Fringe review: The Alphabet of Awesome Science

This family-friendly show is a fusion of art and science in which audiences are guaranteed to learn new words while witnessing fun scientific experiments involving fireballs, explosions and a breakfast cereal blower. ★★★★

Mar 08, 2021, updated Mar 09, 2021

Emma Bargery, who plays Professor Lexi Con, describes The Alphabet of Awesome Science as a show with “big words and explosions” and David Lampard, as Professor Noel Edge, agrees while doing some neat tricks with liquid hydrogen.

The show begins with Lampard and Bargery performing a song and dance number about science and soon after they are racing against the clock to perform 26 science experiments in 52 minutes. It’s a slick, fast-paced, action-packed show, with Professor Lexicon spitting out complex words beginning with the various letters of the alphabet and Professor Noel Edge setting up interesting scientific demonstrations.

The words used throughout the show will extend the audience’s vocabulary, although they are not likely to be remembered because there are so many and they are complex. “Tabulous”, “rabulous”, “pabulous”, “spumescent”, “horrescent”, “corybantic”, nephelococcygia” and  “floccinaucinihilipilification” are fascinating words and the stories around them are generally interesting but everything is fast and you have to keep alert to keep up.

As well as performing the science experiments, Professor Noel Edge effectively integrates a few “dad jokes”, some of which create good-hearted laughter in parents and children. Fireballs created on stage, clouds of breakfast ceramic dust, and explosions and clouds in a bottle create visual interest, and there is the usual fun you would expect in children’s theatre with a range of simple, home-made water devices creating “sprinklers” that inevitably spray the audience, fart jokes, sound effects, and a sense of possible danger.

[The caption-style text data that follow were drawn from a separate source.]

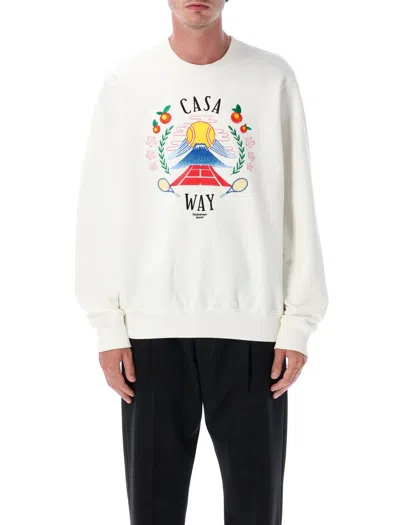 CASABLANCA CASABLANCA CASA WAY MOUNTAIN EMBROIDERED SWEATSHIRT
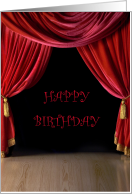 Happy Birthday Teenage Drama Queen Red Velvet Stage Curtains card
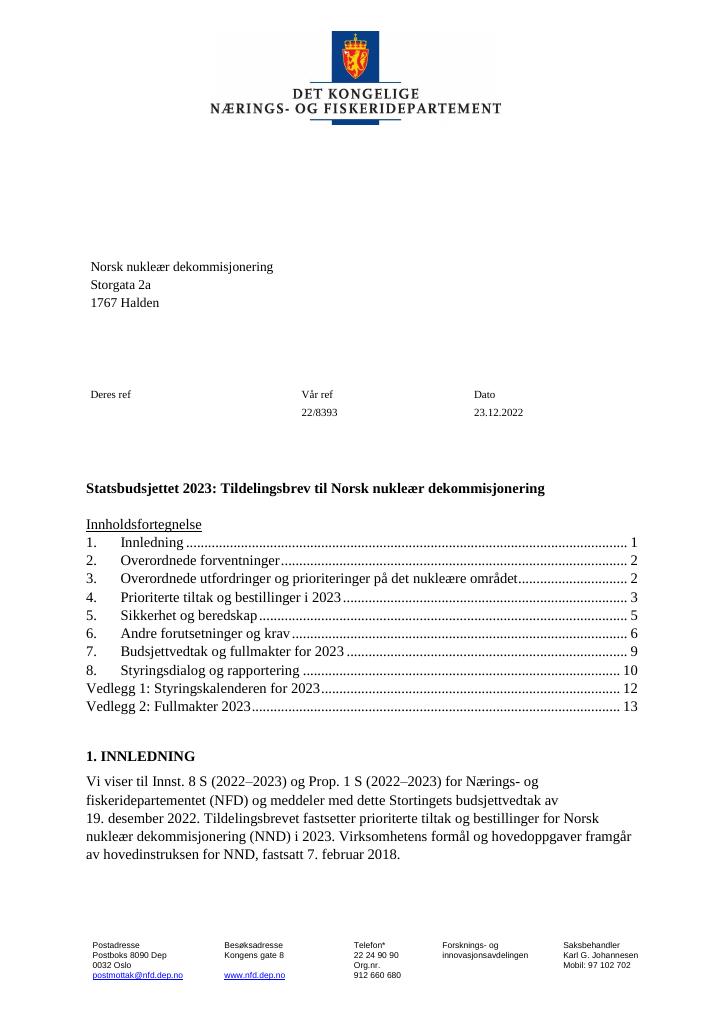 Forsiden av dokumentet Tildelingsbrev Norsk nukleær dekommisjonering 2023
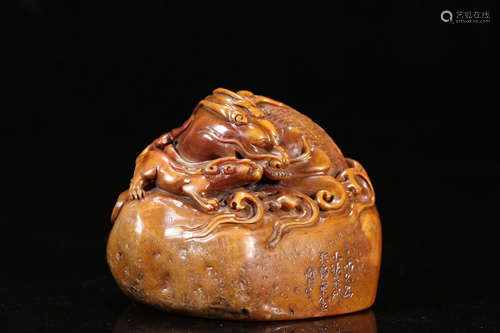 A SHOUSHAN STONE SEAL OF BEAST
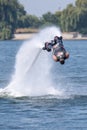 Fly board extreme sports adventure , summer beach sports Royalty Free Stock Photo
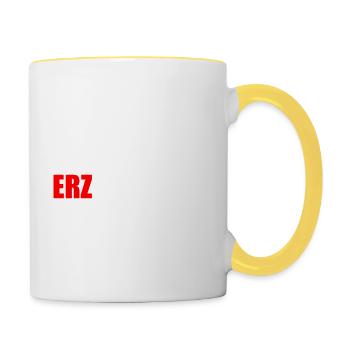 Erzgebirger Heimat Sachsen - Tasse zweifarbig - Weiß/Gelb - Rechts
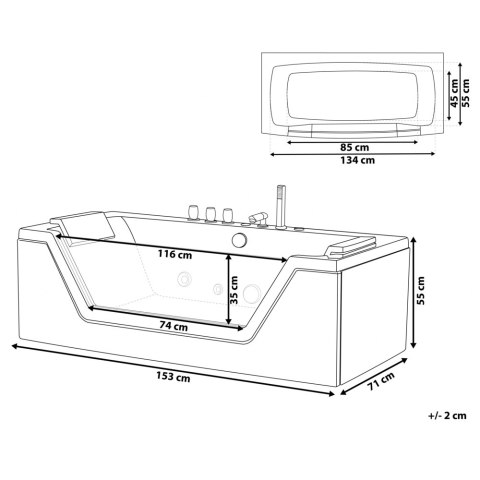 Wanna LED z hydromasażem 153 cm biała SAMANA
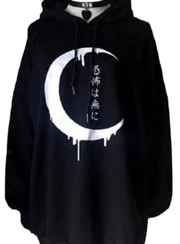 Women Gothic Punk Long Sleeve Hooded Printed Sweatshirt Hoodie Top Jum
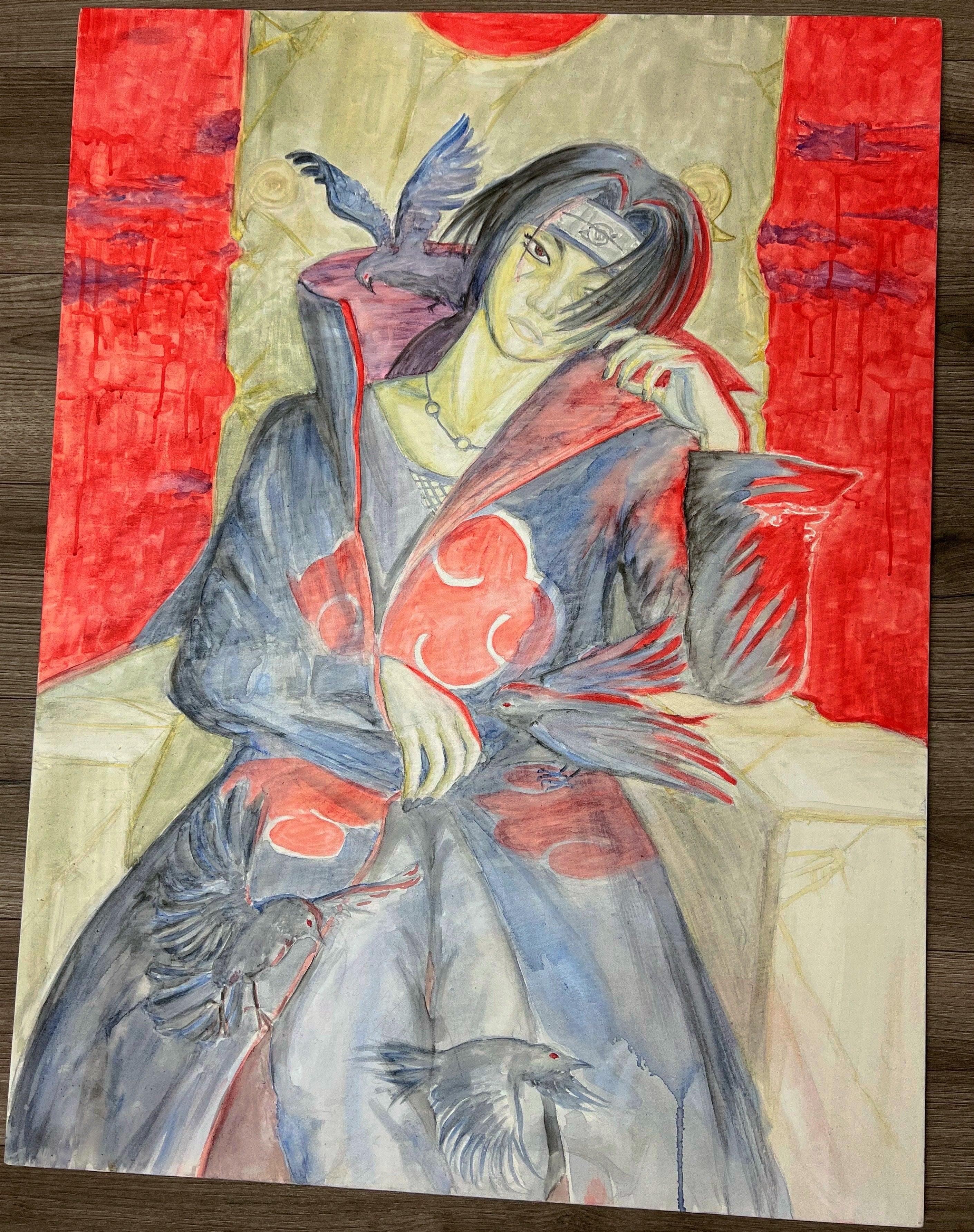 Naruto Itachi Inspired Watercolor Artpiece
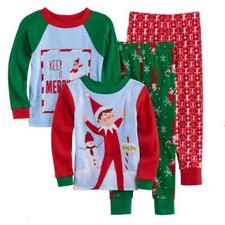 Elf On The Shelf Christmas Pajamas Boys 4 Long Sleeve Shirts Pants 4 Pc Set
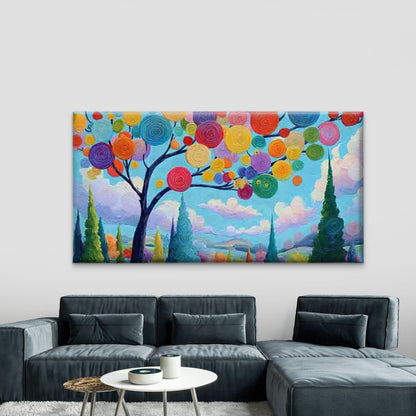 Abstract Multicolor Swirl Tree Wall Art Canvas Office Home Room Framed 120x60cm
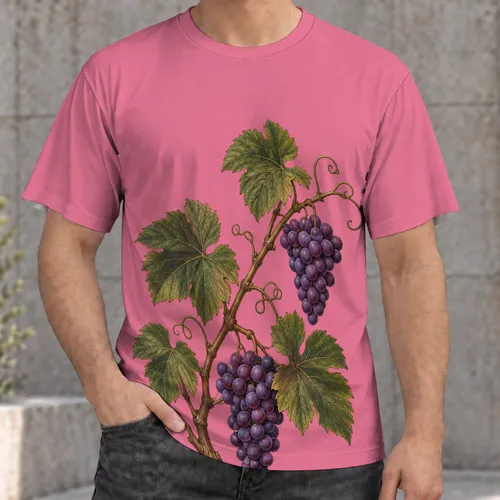 Grapevine Botanical Motif for Garden Strolls and Casual Weekends, Nature Lovers All-over Print Unisex T-shirt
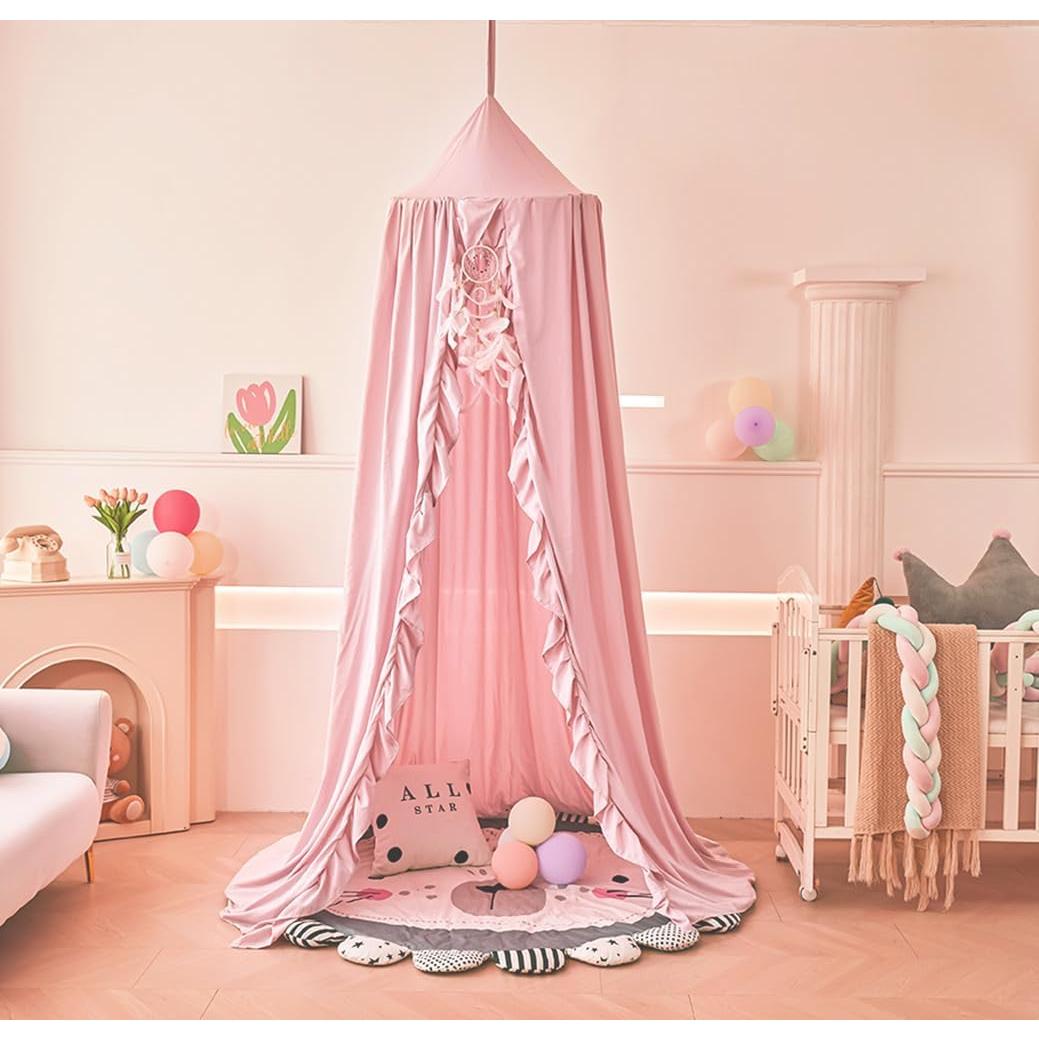 Dosel de Cama Mengersi para Niñas Beige Rosa 240 cm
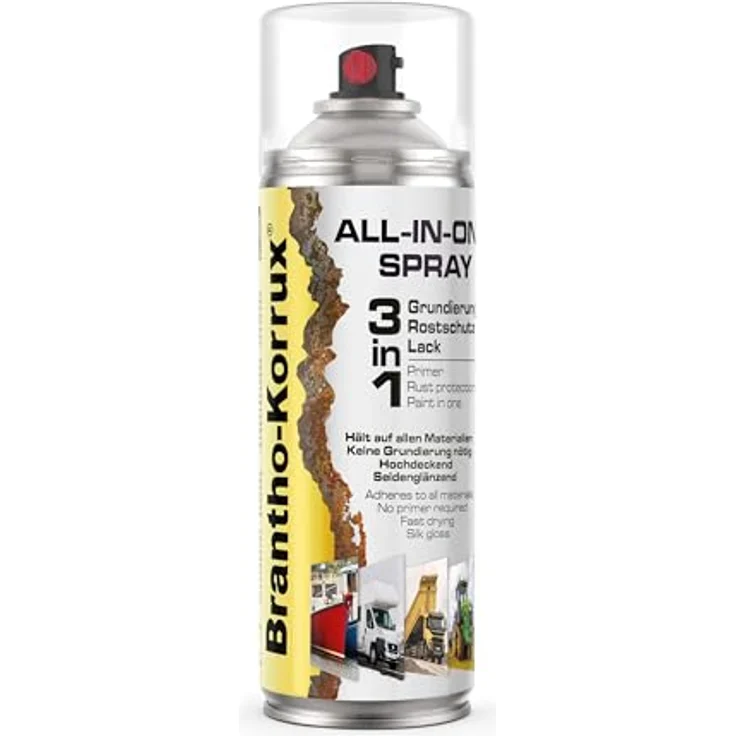 Brantho Korrux 3 in 1 Rostschutzlack, All-in-One Sprühdose Primer, Rostschutz und Lack, 400ml, RAL3000 - Feuerrot Seidenglanz, schnelltrocknend und wetterbeständig – Bild 1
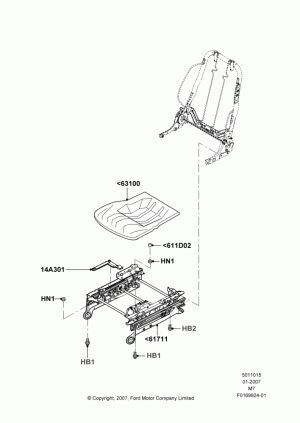 Front Seat Base, With Driver 6 Way Pwr.Seat Adjuster; 08/JAN/2007-29/APR/2012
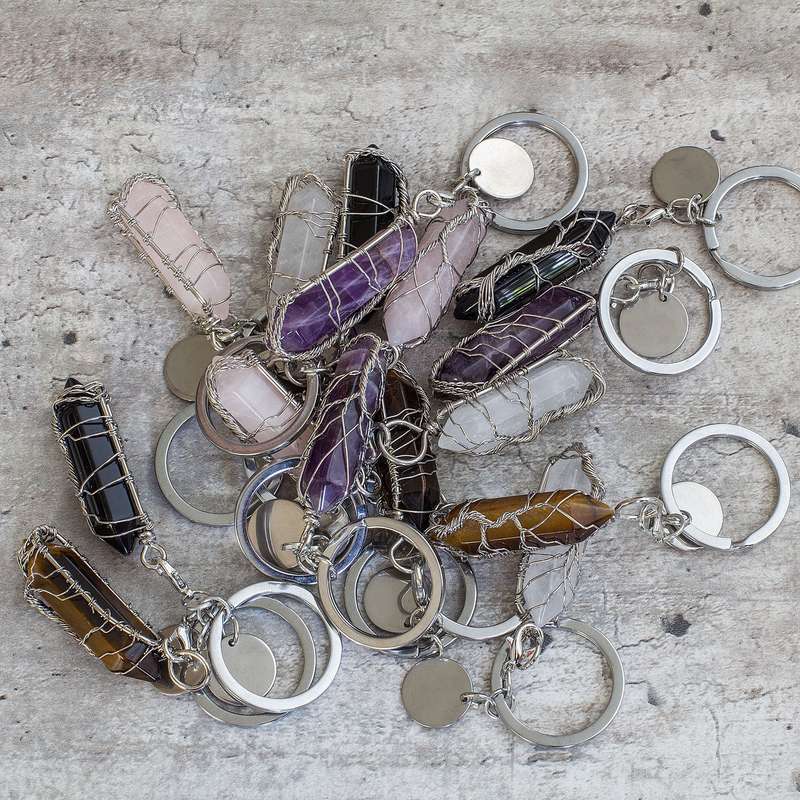 Hexagonal Keyring - Rose Quartz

The Alphabet of Awesome Science is a returning production but there are new effects, including a fire tornado, the breakfast cereal blower and an unusual musical instrument called a bloogle resonator. Simple techniques such as rubbing rosin on an aluminium rod to create a high-pitched, piercing sound or the twirling of a whirly tube generate further interest, and who wouldn’t be fascinated to watch the two professors blow up a 2m tube?

Television science shows such as The Curiosity Show have captured children’s imaginations but The Alphabet of Awesome Science is unique with its combination of zany entertainment and science. Audiences young and old will learn a lot while having a good time. If anything, it might be a little too focused on getting through all the letters and experiments; occasionally, the audience might need time for a breather, to take it all in and digest what they’ve learned.

The Alphabet of Awesome Science is being performed in Gluttony until March 14.